Given material ->
....

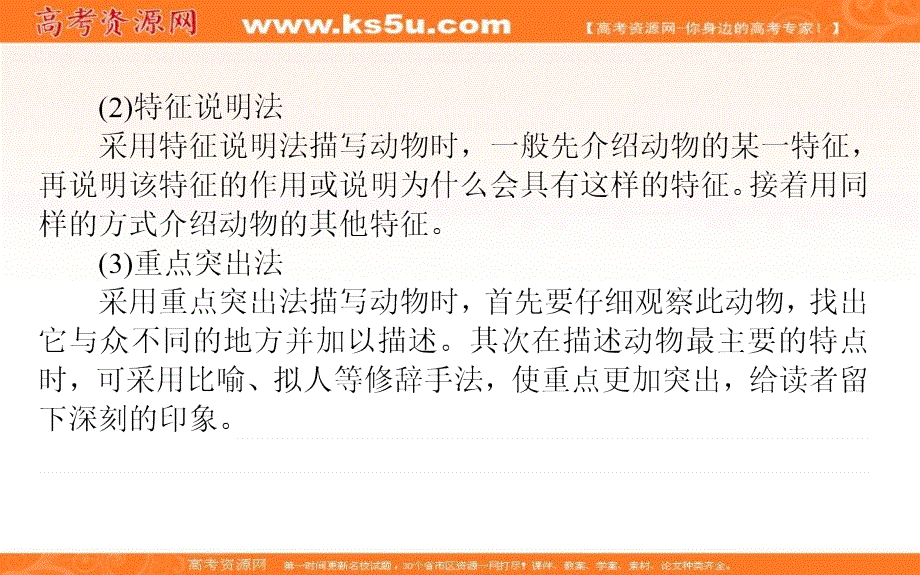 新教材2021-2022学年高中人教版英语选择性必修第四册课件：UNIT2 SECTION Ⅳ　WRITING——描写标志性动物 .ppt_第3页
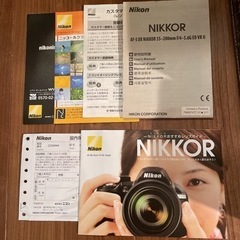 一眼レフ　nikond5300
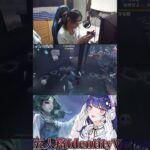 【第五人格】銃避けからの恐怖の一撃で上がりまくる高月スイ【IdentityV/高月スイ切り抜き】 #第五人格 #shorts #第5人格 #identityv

....

Required action ->
Write out the material above once more, exactly as it reads, with no pictures.

Response for this exercise ->
 新教材2021-2022学年高中人教版英语选择性必修第四册课件：UNIT2 SECTION Ⅳ　WRITING——描写标志性动物 .ppt_第3页
 一眼レフ　nikond5300
 【第五人格】銃避けからの恐怖の一撃で上がりまくる高月スイ【IdentityV/高月スイ切り抜き】 #第五人格 #shorts #第5人格 #identityv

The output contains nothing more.